À l’orphelinat de Colmar, plusieurs centaines d’orphelins, garçons et filles, sont réunis autour d’un beau sapin de Noël, dont les aiguilles vertes brillent aux feux de l’électricité comme des pointes d’émeraude. Aux branches de l’arbre illuminé sont attachés des jouets enrubannés, des paquets de friandises, toutes sortes de bonnes et jolies choses, dont l’aspect engageant égaye tous ces visages enfantins, longtemps déshabitués du sourire.

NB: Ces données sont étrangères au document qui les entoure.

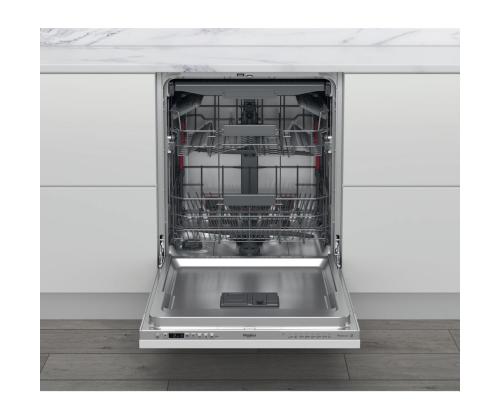 Whirlpool, 14 paikkaa - Integroitu astianpesukone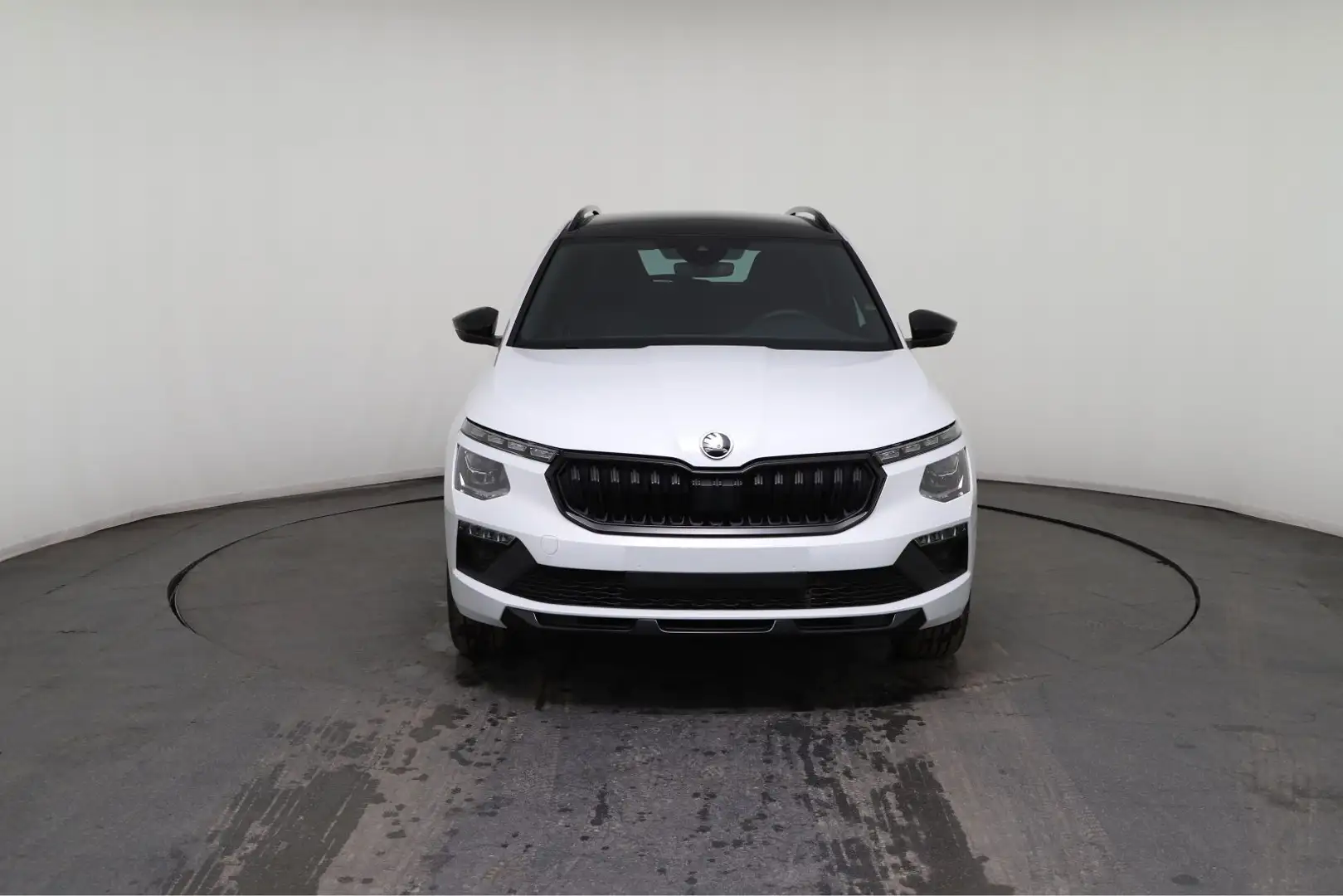 Skoda Kamiq Monte Carlo 1.0 TSI Aut.*LED*Navi* Weiß - 2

Le général de Castelnau, assis au premier rang des invités, préside paternellement cette fête de famille. Il est en dolman noir, sans autres décorations que la médaille militaire, la Croix de Guerre, la médaille commémorative de l’Année terrible et la plaque de la Légion d’honneur. À côté de lui est assis un jeune commandant, portant sur sa vareuse bleu horizon, avec la palme des braves, l’insigne distinctif des membres du Conseil d’État : c’est M. Henry Poulet, maître des requêtes, commissaire de la République en Haute-Alsace, administrateur sage, avisé, aussi prompt aux décisions nécessaires que disposé aux précautions conciliantes, et qui reprend, à Colmar, comme si la présence de la France n’avait jamais été interrompue dans cette cité française, les traditions inaugurées par ses prédécesseurs, depuis plusieurs siècles, au chef-lieu de la subdélégation de l’intendance d’Alsace, comprenant les bailliages de Thann, Ensisheim, Ollwiller, Sainte-Croix, Riquewihr, Ribeauvillé, la vallée de Munster, ainsi que les anciennes villes impériales de Turckheim, de Kaysersberg et Neuf-Brisach. Ici, tous les aspects du présent se rattachent à des visions du passé. En voyant, à côté des représentants de l’autorité militaire et civile, le chef de la justice française en Alsace, M. Siben, Alsacien, avocat général près la Cour d’appel de Paris, délégué dans les fonctions de président du Tribunal supérieur d’Alsace et de Lorraine (Oberlandsgericht) en attendant la reconstitution de l’ancienne Cour d’appel de Colmar, je songe aux magistrats Français de ce Conseil souverain d’Alsace, qui fut jadis institué par la France, et où siégea le père de Bossuet… Je pourrais préciser tous ces souvenirs français par une conversation avec le savant bibliothécaire de la ville de Colmar, M. André Waltz, le père de Hansi, que j’aperçois justement dans l’assistance, et qui en sait long sur les titres de noblesse de sa cité natale, ayant consacré sa vie à l’étude de toutes les reliques vivantes qui évoquent, du fond des siècles, les innombrables preuves de l’attachement voué à la France par l’Alsace toujours fidèle.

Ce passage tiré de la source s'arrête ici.